Big Union Vote at South Carolina’s Boeing Plant


On Wednesday, February 15, nearly 3,000 production workers at Boeing’s sprawling North Charleston, South Carolina, manufacturing plant began voting on whether or not to join the IAMAW (International Association of Machinists and Aerospace Workers). It’s a critical vote, a landmark vote, and, considering what’s at stake, a daunting undertaking.

A gambler friend reported that Las Vegas odds-makers have already made union affiliation a prohibitive long-shot. Yes, you can bet on stuff like this in Vegas. Unlike straight-ahead sports wagers, these “proposition bets” (“prop bets”), allow you to bet on practically anything—from whether it will rain on Easter Sunday, to what the British royal family will name their kids, to who will win the Oscar.

By now everyone knows that the Deep South—the former Confederate States of America—for a multitude of reasons (not all of which, in truth, are totally reactionary), is hostile to organized labor, and that North and South Carolina remain two of Dixie’s most virulent anti-union states. North Carolina has a 3% union density; South Carolina’s is 1.6%. According to the BLS (Bureau of Labor Statistics), only about 52,000 South Carolina workers belong to a union.

As South Carolina’s governor Nikki Haley (Trump’s newly appointed ambassador to the United Nations) said in a 2012 recruiting speech to prospective businesses seeking to locate in her state, “We’ll make the unions understand full well that they are not needed, not wanted, and not welcome in the state of South Carolina.” Well said, Governor.

Not to dwell on the American South’s lack of progressivism, but substitute the word “desegregation” for “unions,” and you have a snapshot of the South prior to passage of the 1964 Civil Rights Act. Indeed, I can still hear George Wallace intone the phrase, “the mongrelizaton of the white race,” and I swear, it still makes my skin crawl.

But whether the IAMAW wins the certification vote or not (and, again, almost everyone expects them to lose), there’s something that absolutely, positively unnerves organized labor people.
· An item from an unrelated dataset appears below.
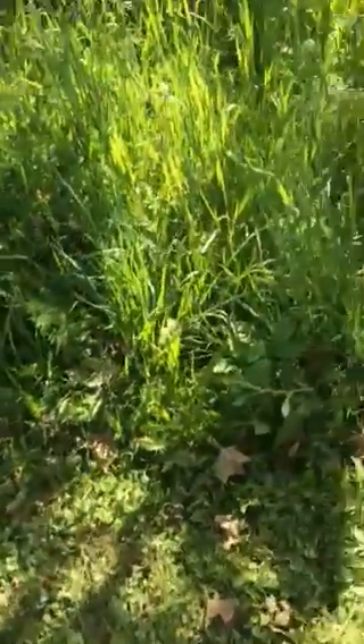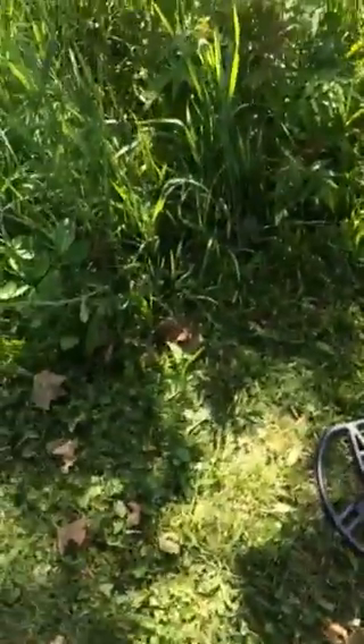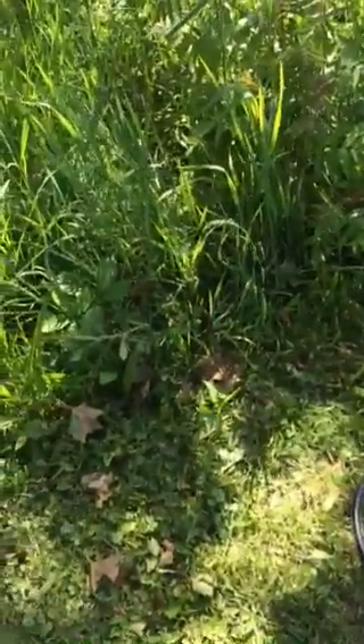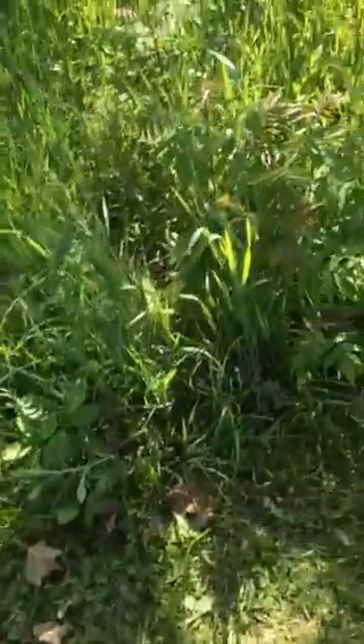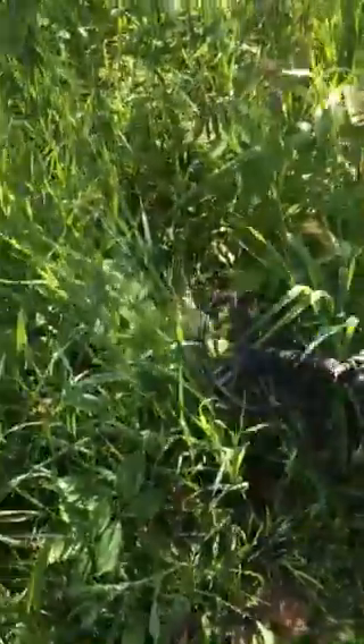Okay, today guys, upstate New York, undisclosed location, just doing some freestyle. I came across this little field, and just like two minutes ago I saw a snake go into the grass. I couldn't identify it — then I thought, wait a minute, I think I can identify it with my Garrett AT Pro.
It drives us nuts.

What I’m referring to is the phenomenon of the “free rider.” A free rider is a non-union worker who earns close to a union wage, receives close to union benefits, and works in an environment close to what a union shop provides in regard to safety and comfort, and yet gets all of this for “free.” All of these perks are provided him without requiring he join the union that provides them.
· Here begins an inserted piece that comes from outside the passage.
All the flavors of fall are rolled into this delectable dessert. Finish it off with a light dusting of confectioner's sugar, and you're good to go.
It’s not uncommon for companies who don’t want their workers to join a union (usually out of fear that they will, in common HR parlance, morph into a bunch of “jailhouse lawyers”) to provide these employees with all the union goodies necessary to keep them from joining up. Workers aren’t stupid. They realize that the leverage placed at their disposal resembles nothing so much as a form of extortion. (“Here’s the bottom line, boss. If you don’t pay us close to a union wage, we’ll have no choice but to join a union.” Ouch.)

But what these freeloaders are either too ignorant or too stubborn to acknowledge is that without the presence of organized labor, they would be at the company’s mercy. Indeed, given that the words “free market” have become the mating call of lemon-sucking Republicans and masturbatory libertarians, if labor unions vanished altogether, workers would find themselves in economic free-fall. They would go from “real leverage” to “zero leverage.”

So before these non-union South Carolinian Boeing workers congratulate themselves on their self-reliance and old-fashioned American “individualism,” they need to realize that without the presence of organized labor acting as their de facto accomplice, they would be one step away from “respectable poverty.”